Problem to work on: Without any pictures, copy the records below once more, exactly as they are.

Short text fragments from websites:
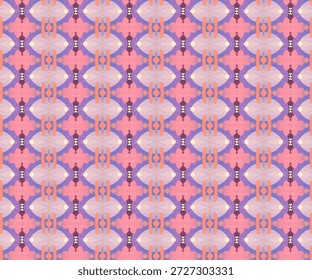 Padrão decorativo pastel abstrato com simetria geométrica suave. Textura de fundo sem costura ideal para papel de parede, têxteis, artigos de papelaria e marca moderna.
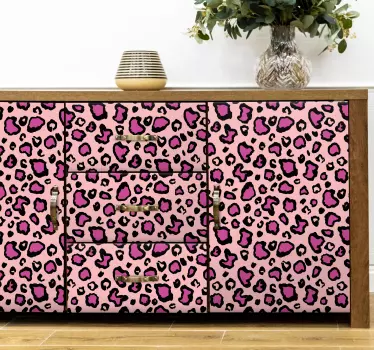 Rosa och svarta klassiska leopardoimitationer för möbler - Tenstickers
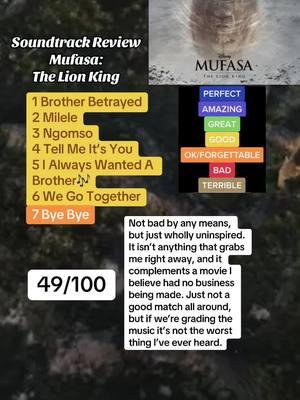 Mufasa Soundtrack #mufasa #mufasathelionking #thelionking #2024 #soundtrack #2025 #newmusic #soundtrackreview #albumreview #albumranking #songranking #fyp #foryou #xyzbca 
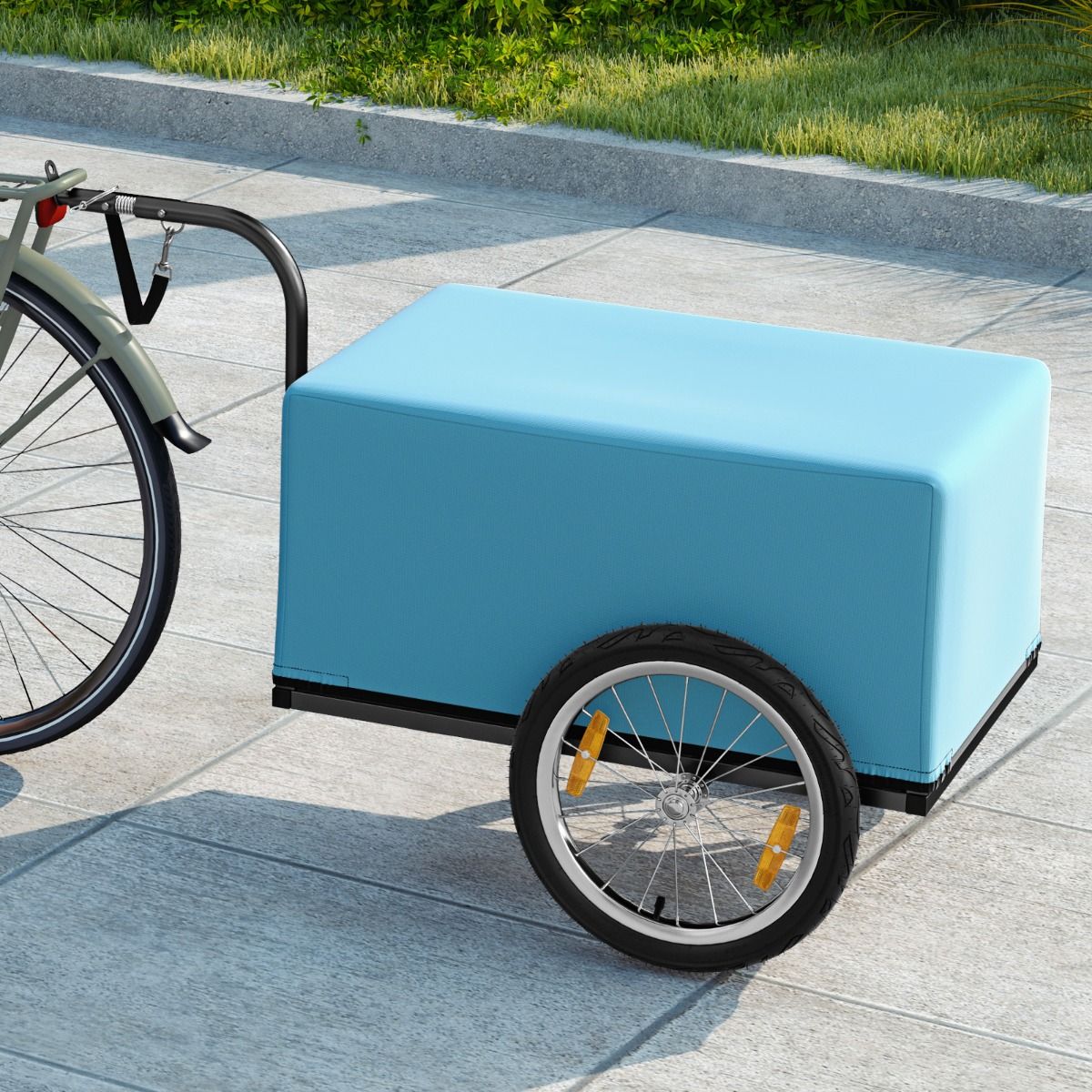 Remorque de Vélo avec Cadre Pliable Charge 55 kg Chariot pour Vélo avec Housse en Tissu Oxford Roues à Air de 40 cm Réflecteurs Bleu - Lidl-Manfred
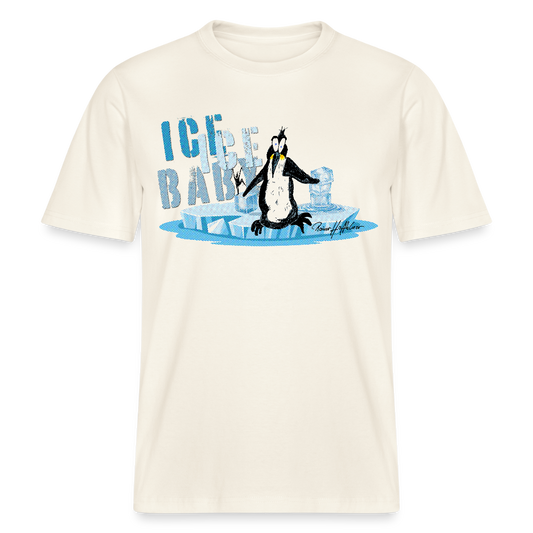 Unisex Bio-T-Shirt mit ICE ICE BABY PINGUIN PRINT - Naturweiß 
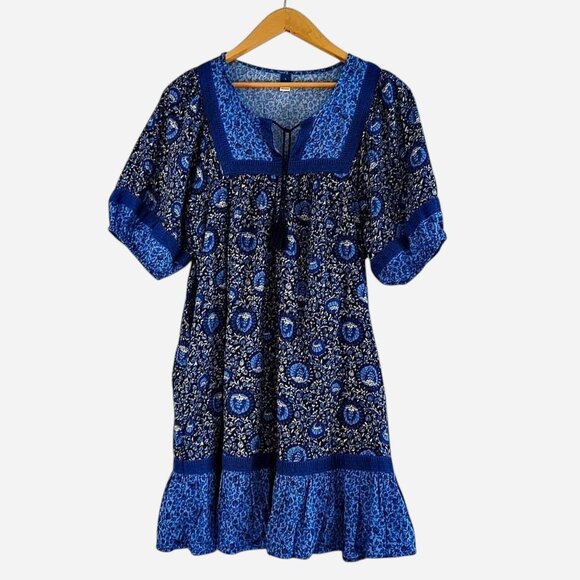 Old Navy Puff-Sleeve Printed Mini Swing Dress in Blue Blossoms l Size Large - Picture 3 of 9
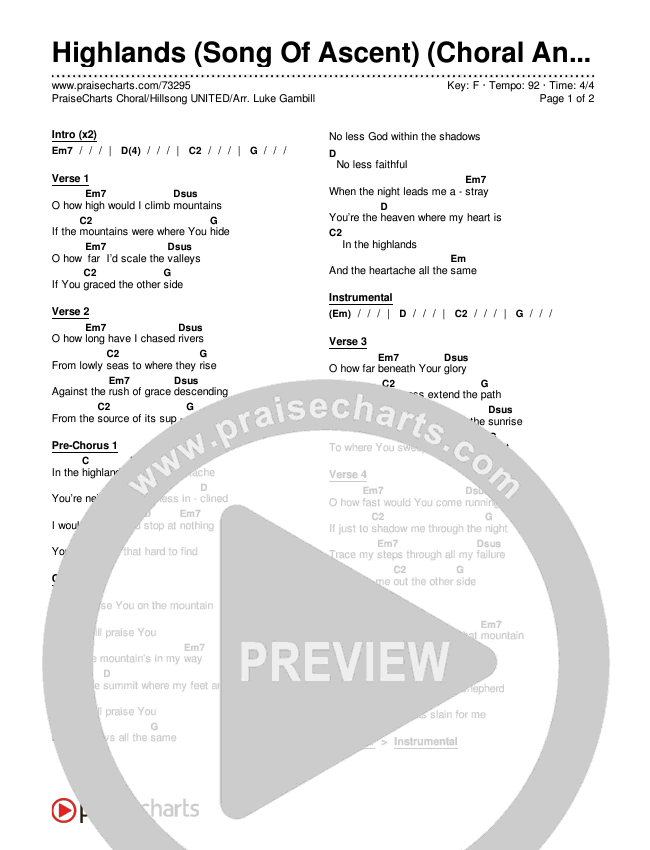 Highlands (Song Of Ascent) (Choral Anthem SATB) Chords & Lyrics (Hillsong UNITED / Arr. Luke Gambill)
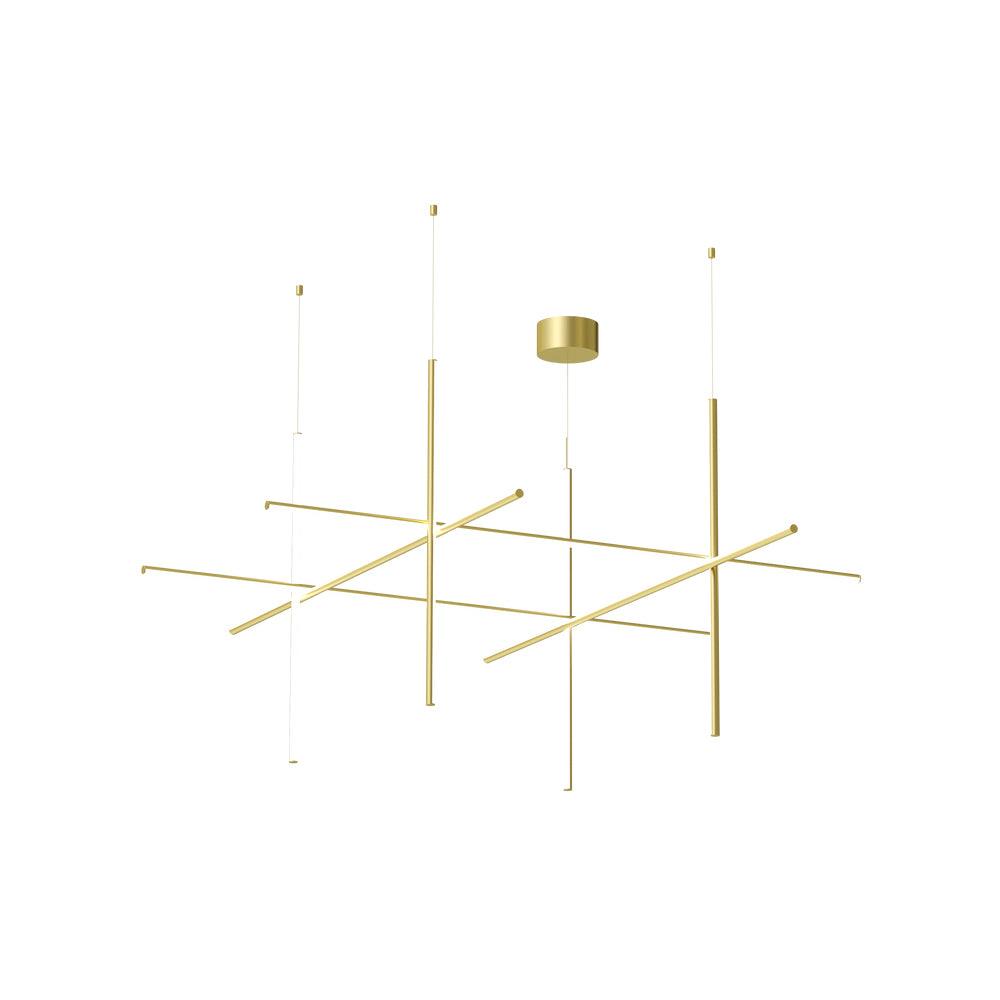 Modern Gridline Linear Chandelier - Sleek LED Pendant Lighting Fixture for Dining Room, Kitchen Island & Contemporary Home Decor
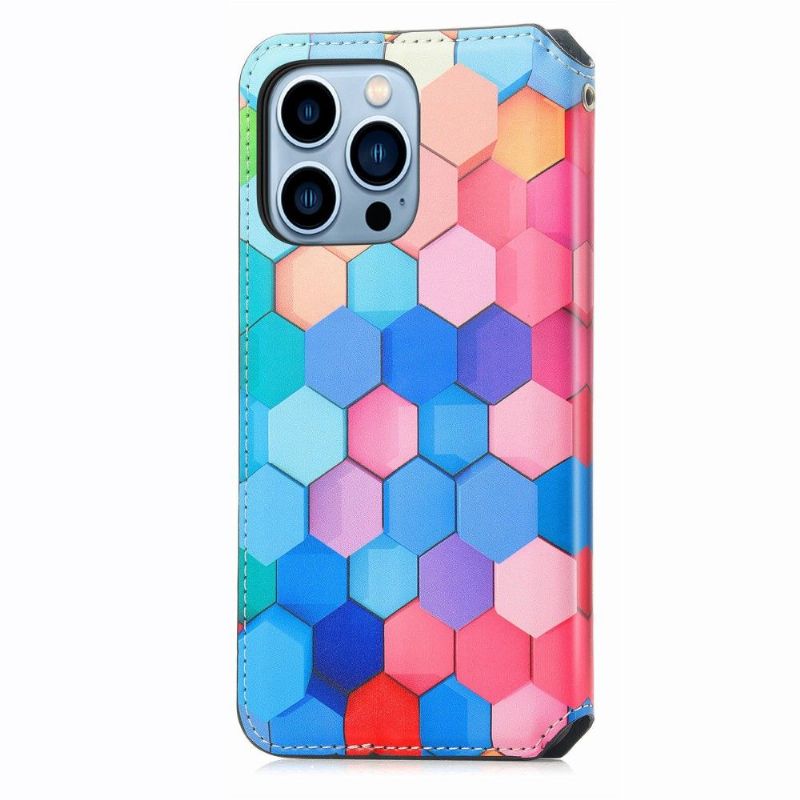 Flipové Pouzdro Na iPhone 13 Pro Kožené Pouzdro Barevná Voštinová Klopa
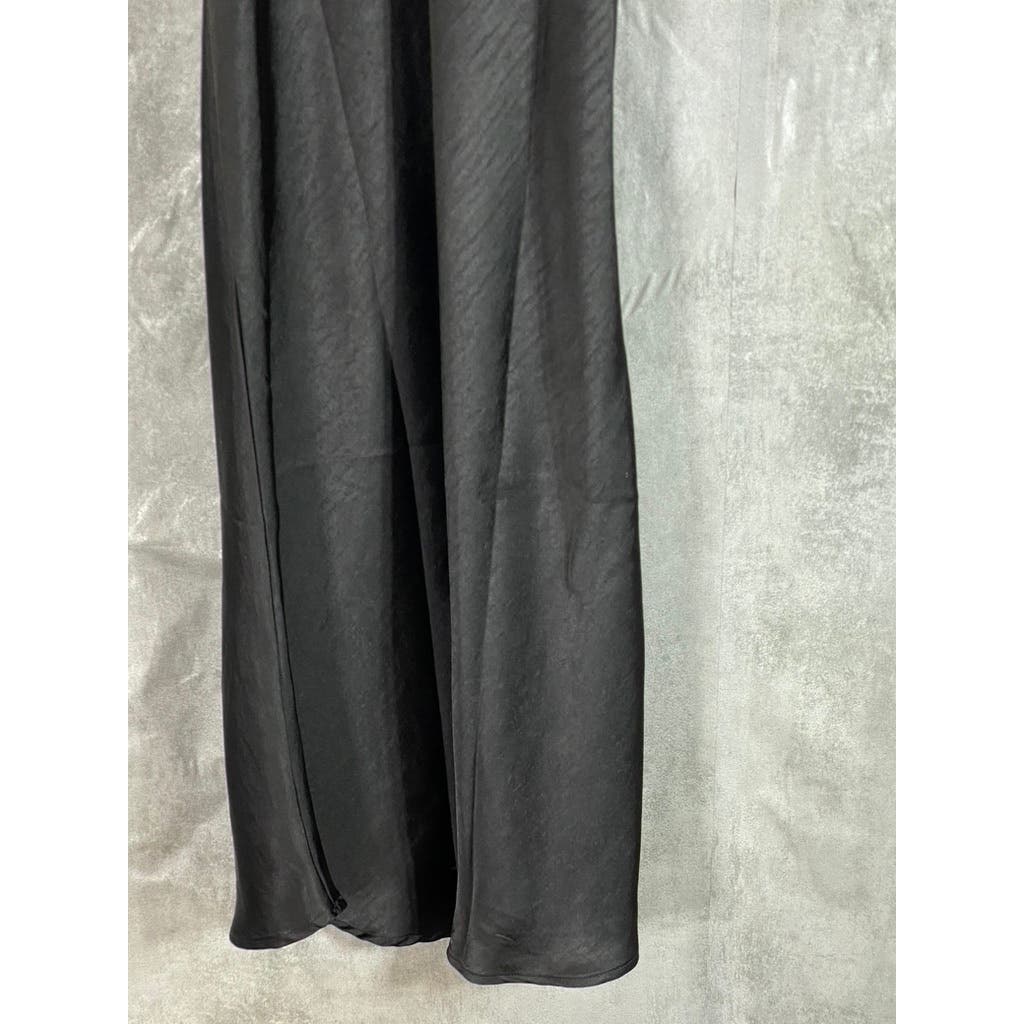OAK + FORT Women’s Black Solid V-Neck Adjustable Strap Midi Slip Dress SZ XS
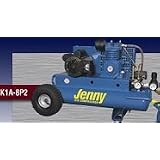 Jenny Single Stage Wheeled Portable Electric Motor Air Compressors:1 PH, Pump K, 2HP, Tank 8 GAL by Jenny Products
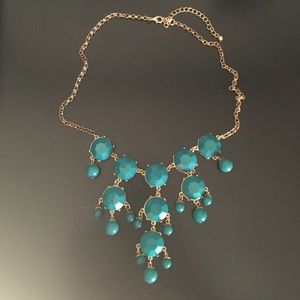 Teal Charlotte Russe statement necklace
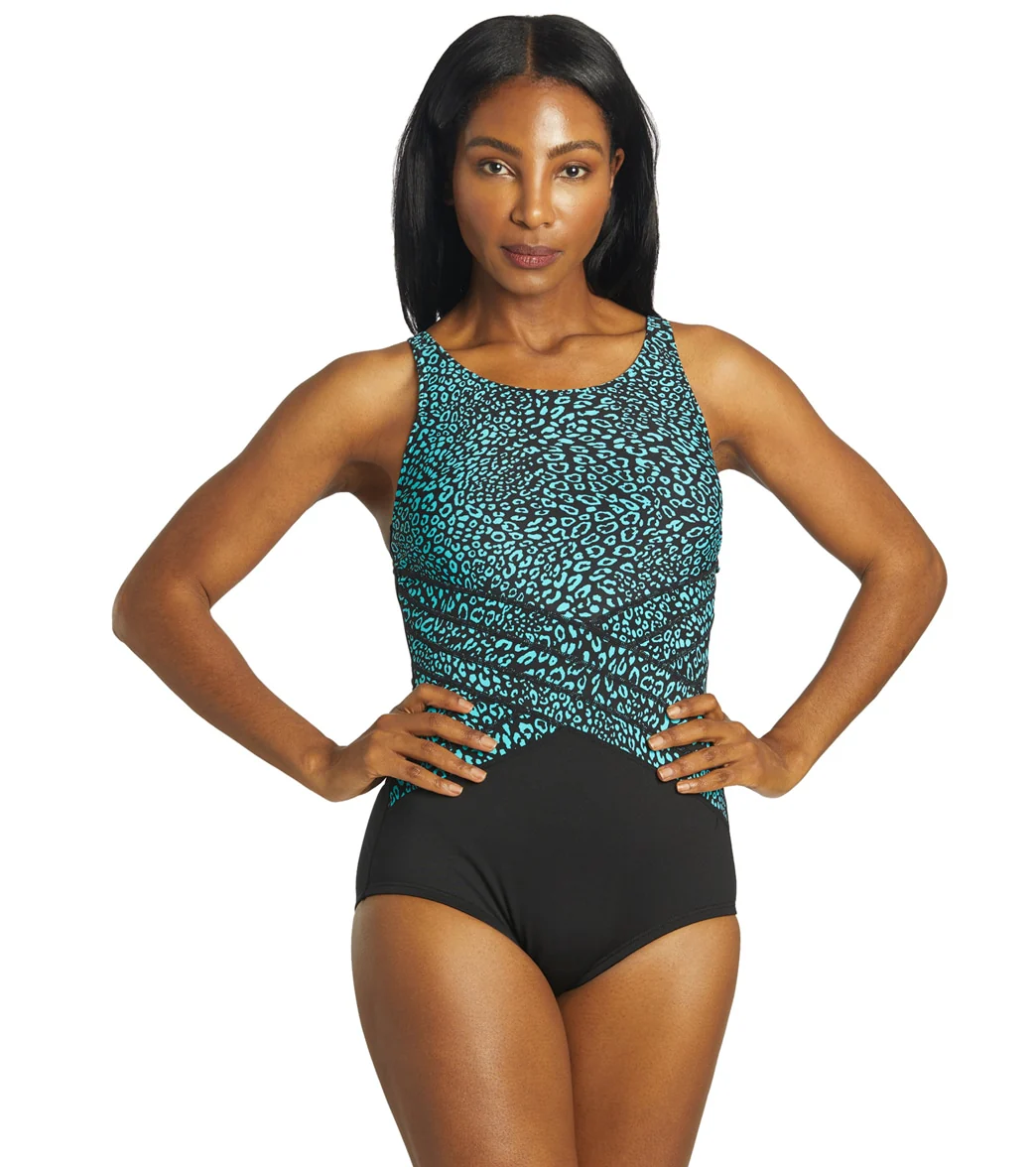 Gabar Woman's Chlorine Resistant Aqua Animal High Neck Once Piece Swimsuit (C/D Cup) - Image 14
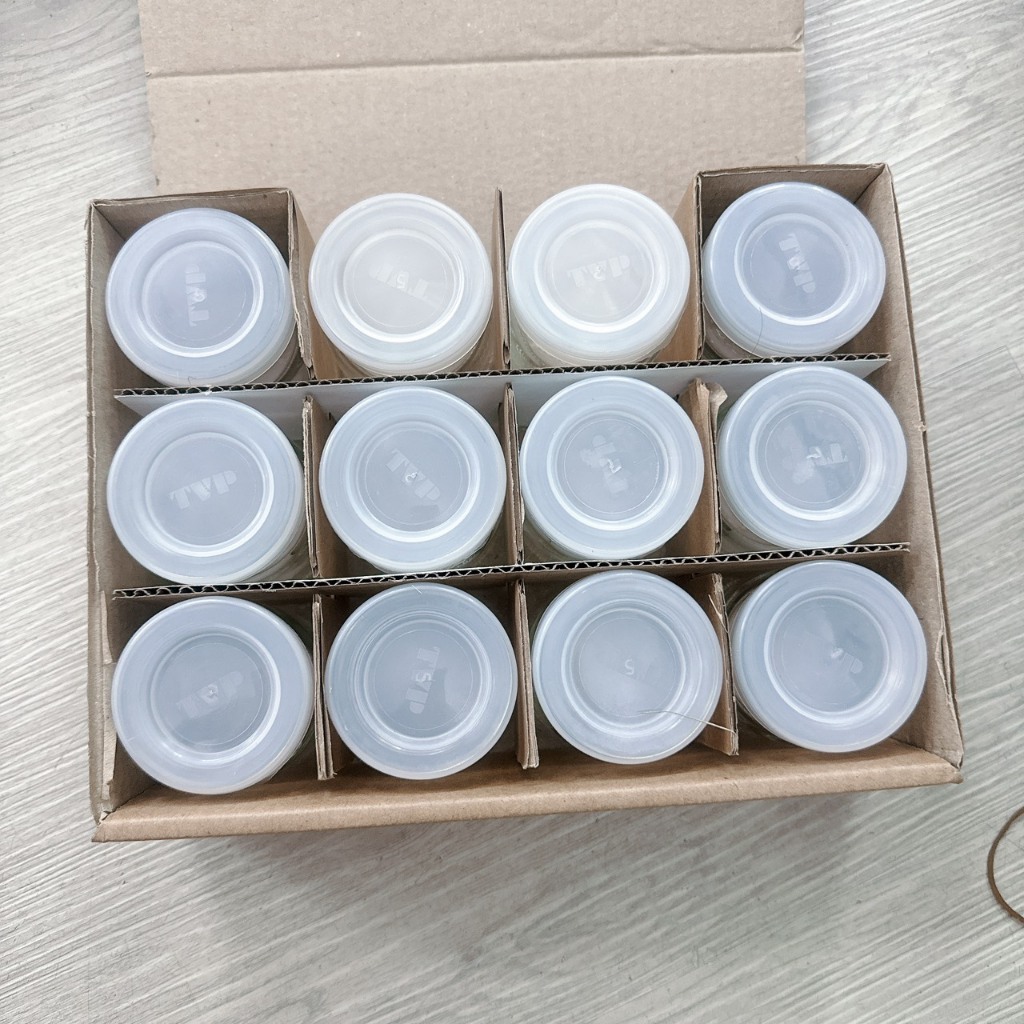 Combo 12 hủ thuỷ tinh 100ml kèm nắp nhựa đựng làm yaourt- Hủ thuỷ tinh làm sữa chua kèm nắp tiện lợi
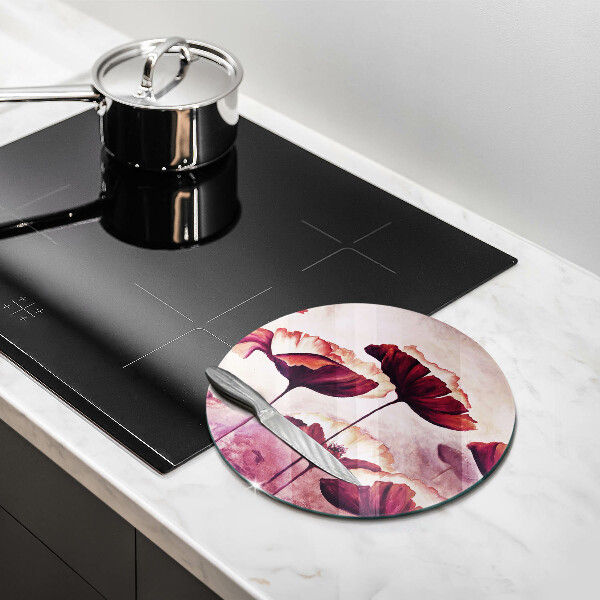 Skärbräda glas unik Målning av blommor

Task solution:
 Padrão decorativo pastel abstrato com simetria geométrica suave. Textura de fundo sem costura ideal para papel de parede, têxteis, artigos de papelaria e marca moderna.
 Rosa och svarta klassiska leopardoimitationer för möbler - Tenstickers
 Mufasa Soundtrack #mufasa #mufasathelionking #thelionking #2024 #soundtrack #2025 #newmusic #soundtrackreview #albumreview #albumranking #songranking #fyp #foryou #xyzbca 
 Remorque de Vélo avec Cadre Pliable Charge 55 kg Chariot pour Vélo avec Housse en Tissu Oxford Roues à Air de 40 cm Réflecteurs Bleu - Lidl-Manfred
 Unisex Bio-T-Shirt mit ICE ICE BABY PINGUIN PRINT - Naturweiß 
 Old Navy Puff-Sleeve Printed Mini Swing Dress in Blue Blossoms l Size Large - Picture 3 of 9
 Highlands (Song Of Ascent) (Choral Anthem SATB) Chords & Lyrics (Hillsong UNITED / Arr. Luke Gambill)
 Modern Gridline Linear Chandelier - Sleek LED Pendant Lighting Fixture for Dining Room, Kitchen Island & Contemporary Home Decor
 Flipové Pouzdro Na iPhone 13 Pro Kožené Pouzdro Barevná Voštinová Klopa
OAK + FORT Women’s Black Solid V-Neck Adjustable Strap Midi Slip Dress SZ XS
 Jenny Single Stage Wheeled Portable Electric Motor Air Compressors:1 PH, Pump K, 2HP, Tank 8 GAL by Jenny Products
 Teal Charlotte Russe statement necklace
 Gabar Woman's Chlorine Resistant Aqua Animal High Neck Once Piece Swimsuit (C/D Cup) - Image 14
 Combo 12 hủ thuỷ tinh 100ml kèm nắp nhựa đựng làm yaourt- Hủ thuỷ tinh làm sữa chua kèm nắp tiện lợi
 Skärbräda glas unik Målning av blommor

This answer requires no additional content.